Many-spined butterflyfish
- Conservation status: Least Concern (IUCN 3.1)

Scientific classification
- Kingdom: Animalia
- Phylum: Chordata
- Class: Actinopterygii
- Order: Acanthuriformes
- Family: Chaetodontidae
- Genus: Hemitaurichthys
- Species: H. multispinosus
- Binomial name: Hemitaurichthys multispinosus Randall, 1975
- Synonyms: Hemitaurichthys multispinus Burgess & Randall, 1978

= Many-spined butterflyfish =

- Authority: Randall, 1975
- Conservation status: LC
- Synonyms: Hemitaurichthys multispinus Burgess & Randall, 1978

Species of fish

The many-spined butterflyfish (Hemitaurichthys multispinosus), also known as the multispine butterflyfish or spiny butterflyfish, is a species of marine ray-finned fish, a butterflyfish from the family Chaetodontidae, which is associated with deeper reefs around three island groups in the southern central Pacific Ocean.

==Description==
The many-spined butterflyfish is a rather drab uniform grey colour.

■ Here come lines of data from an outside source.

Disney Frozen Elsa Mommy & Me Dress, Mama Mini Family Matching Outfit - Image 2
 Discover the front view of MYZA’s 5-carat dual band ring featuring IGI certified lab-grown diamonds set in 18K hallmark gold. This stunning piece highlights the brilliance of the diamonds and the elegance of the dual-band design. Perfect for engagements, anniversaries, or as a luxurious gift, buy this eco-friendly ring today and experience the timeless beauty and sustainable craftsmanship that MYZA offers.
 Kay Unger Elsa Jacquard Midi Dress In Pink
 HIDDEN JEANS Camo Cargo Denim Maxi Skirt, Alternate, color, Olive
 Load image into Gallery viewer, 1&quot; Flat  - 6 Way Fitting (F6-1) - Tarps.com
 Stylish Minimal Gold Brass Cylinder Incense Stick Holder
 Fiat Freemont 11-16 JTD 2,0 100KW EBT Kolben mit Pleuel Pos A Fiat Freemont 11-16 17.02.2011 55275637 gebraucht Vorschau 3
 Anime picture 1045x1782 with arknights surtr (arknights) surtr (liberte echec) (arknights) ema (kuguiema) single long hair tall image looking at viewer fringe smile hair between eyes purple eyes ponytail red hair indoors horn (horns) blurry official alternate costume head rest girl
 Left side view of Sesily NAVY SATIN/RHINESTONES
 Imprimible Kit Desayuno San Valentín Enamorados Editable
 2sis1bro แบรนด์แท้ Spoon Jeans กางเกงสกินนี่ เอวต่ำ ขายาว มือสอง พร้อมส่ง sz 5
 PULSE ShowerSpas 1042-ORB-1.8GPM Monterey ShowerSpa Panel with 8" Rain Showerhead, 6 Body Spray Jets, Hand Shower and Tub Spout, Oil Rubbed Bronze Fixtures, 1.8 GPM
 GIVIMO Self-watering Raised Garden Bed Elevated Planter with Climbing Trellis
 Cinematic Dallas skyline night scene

It has 14-16 spines in its dorsal fin and 5 spines in the anal fin. The maximum recorded length of this species is 20.8 cm.

==Distribution==
The many-spined butterflyfish is found only around a few island groups in the southern Pacific Ocean. It has been recorded from the British overseas territory of Pitcairn Island, Easter Island in Chile and, a single island in the Austral Islands, Rurutu, in French Polynesia.

==Habitat and biology==
The many-spined butterflyfish occurs on deep seaward coral reefs where it aggregates into schools varying in size from small to large in the middle of the water column at depths between 30 and 50 m. It feeds on plankton. It is an oviparous species in which the males and females form pairs for breeding.

==Taxonomy==
The many-spined butterflyfish was first formally described in 1975 by the American ichthyologist John Ernest Randall (1924-2020) with the type locality given as the Patch reef off the Gannet Ridge on the northern side Pitcairn Island.

==Utilisation==
The many-spined butterflyfish is almost unknown in the aquarium trade. Local fishermen collect this species for food using spears and the piscicide rotenone.